A World of Diminished Sensation

I have been reading a journal by Rodney A Smolla entitled “The Life of the Mind and a Life of Meaning: Reflections of Fahrenheit 451.” In his paper, he remarks that “our world today is increasingly a world of diminished sensation.  We trade physical reality for virtual reality.”  He talks about how we are so connected to our technology that we see everything via our laptops, and we lose the physicality of books.  For example, we don’t go to the library like we used to–we forget the journey of the senses that takes place when we open a book, smell the paper, feel the texture of the pages.  We don’t have to make a trip to check out a book, or browse the library shelves for a title that catches our eye. 

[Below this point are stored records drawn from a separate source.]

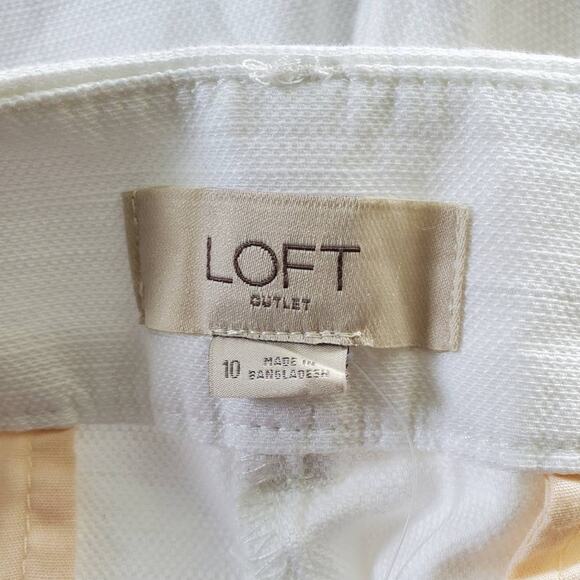 LOFT Outlet White Cotton Mid Rise 6" Short Shorts 10 - Picture 5 of 7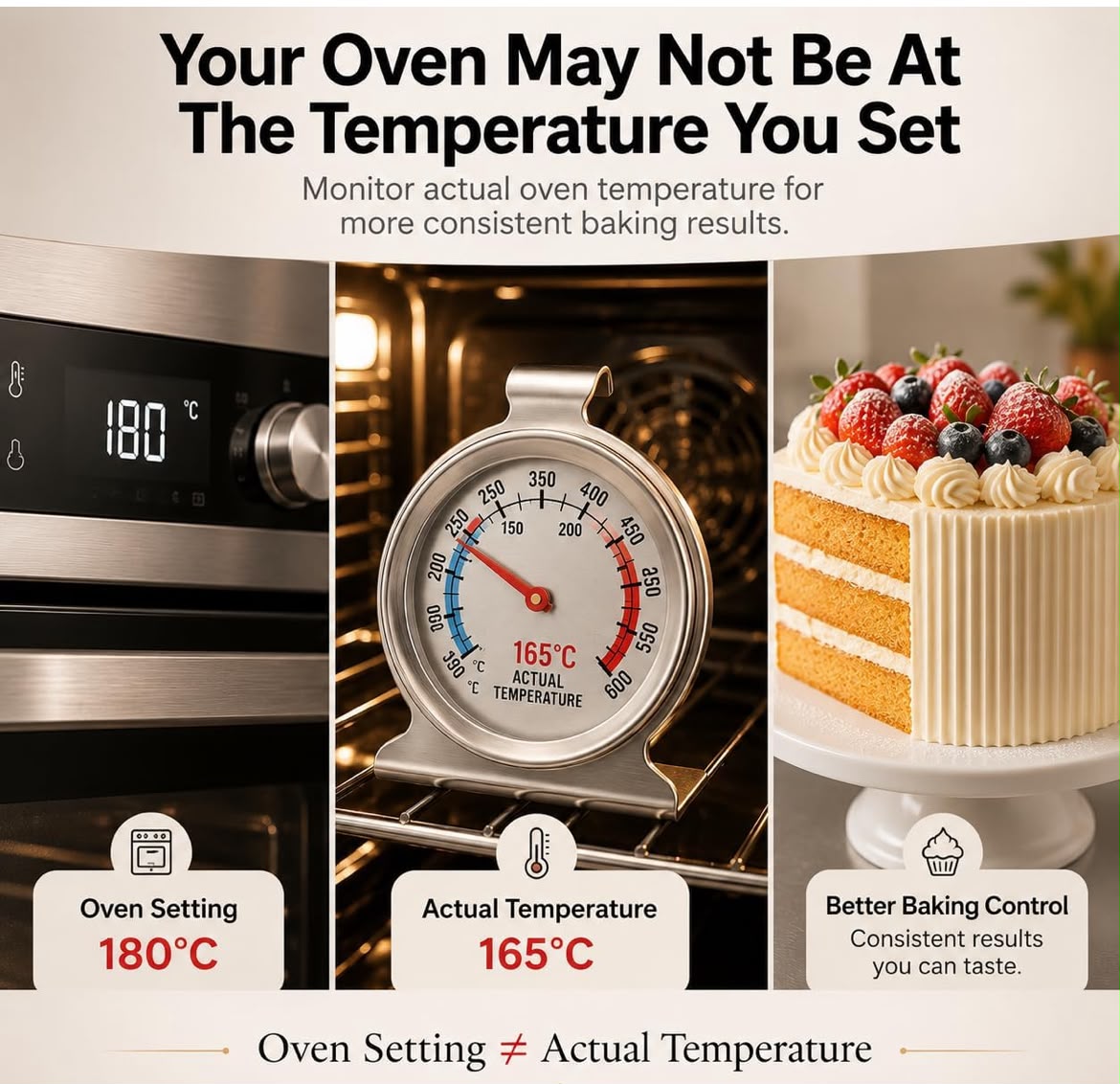 Stainless Steel Oven Thermometer for Baking and Roasting - Analog Dual C/F Dial Temperature Gauge for OTG, Toaster Oven and Kitchen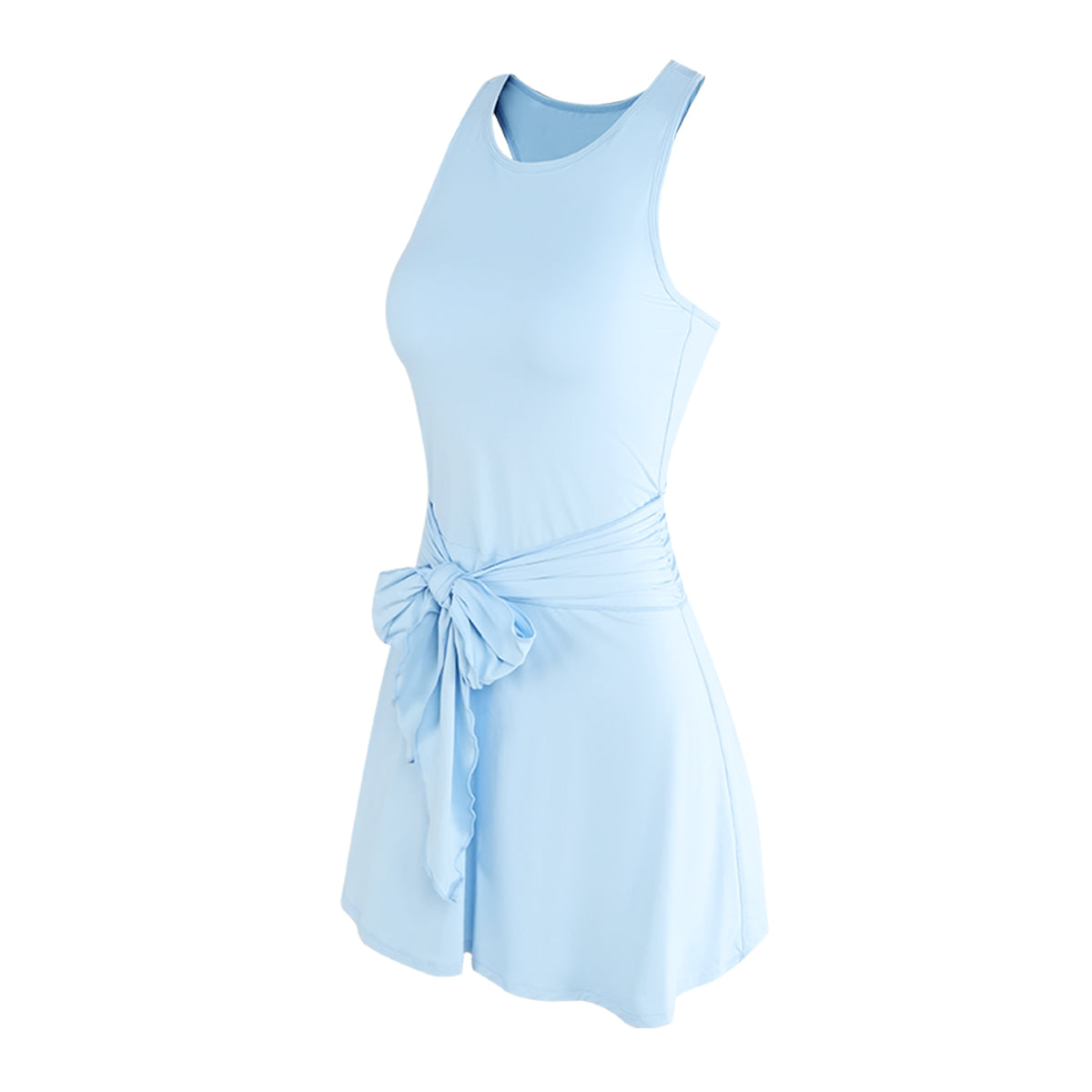 a line athletic dress Women Sleeveless A-Line Tennis With Built-In Shorts, Waist Tie Ruched Breathable Dress for Golf Workout Casual Sports – Aria Leisure Amelia Couture Designer Formal 93% Polyester 7% Spandex Brand Value:Health & Wellness Style:Turtle neck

I remember when I was a little girl in elementary school.  Every Friday afternoon we went to the school library where the Librarian would gather us at her feet.  We sat cross-legged in a semi-circle around her while she read us a book.  When we were older elementary kids, we took field trips to the public library.  We all signed up for library cards and learned how to find the books we wanted to read.  Then we were allowed to go get them and check them out.  I remember the smell of the library–and every library has the same smell.  Books smell a certain way.  There is a feeling in the air of a library, one of quiet and peace.  If you look around at the people reading in a library, they are all people visiting another place and time.  They are all on a mental vacation. 

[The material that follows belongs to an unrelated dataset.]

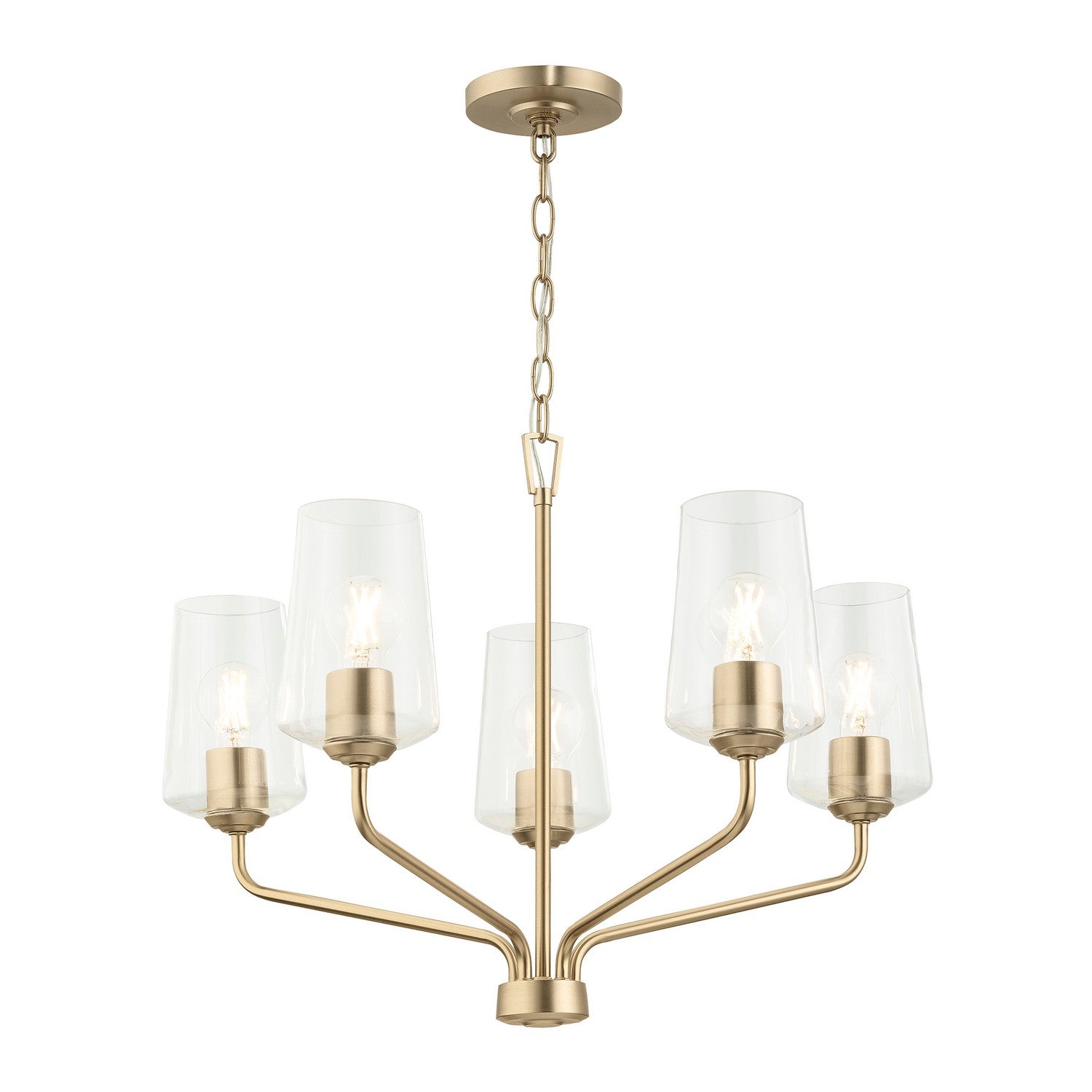 Progress Lighting - P400442-177 - Five Light Chandelier - Celino - Champagne Bronze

Reading is the one of the most important of leisure activities.  We slow down to a disciplined pace, and our thoughts become directed by what we read.  We go along, still and relaxed, yet alive in our minds.  Our minds are moving, reaching, learning, experiencing, and feeling.  We find meaning in reading because reading connects us to the world.  This is what CS Lewis meant when he said that “we read to know we are not alone.”  Yet, this is exactly what Bradbury is warning us about in Fahrenheit 451.  Smolla says that “an overly virtual world will ultimately become sensorially deprived, thought depleted, and meaning impoverished.”  Without books to link our senses to our thoughts, we disconnect from the world, and loneliness follows. 

My husband still goes to the public library.  He spends time there wandering through the stacks and reading in a corner.  I once asked him why he didn’t just order the ebook and his answer was “it’s not the same.”  And he’s right.  It’s not.  It’s not the same at all. 

Dystopia: Depends on Who’s Idea of Dystopia?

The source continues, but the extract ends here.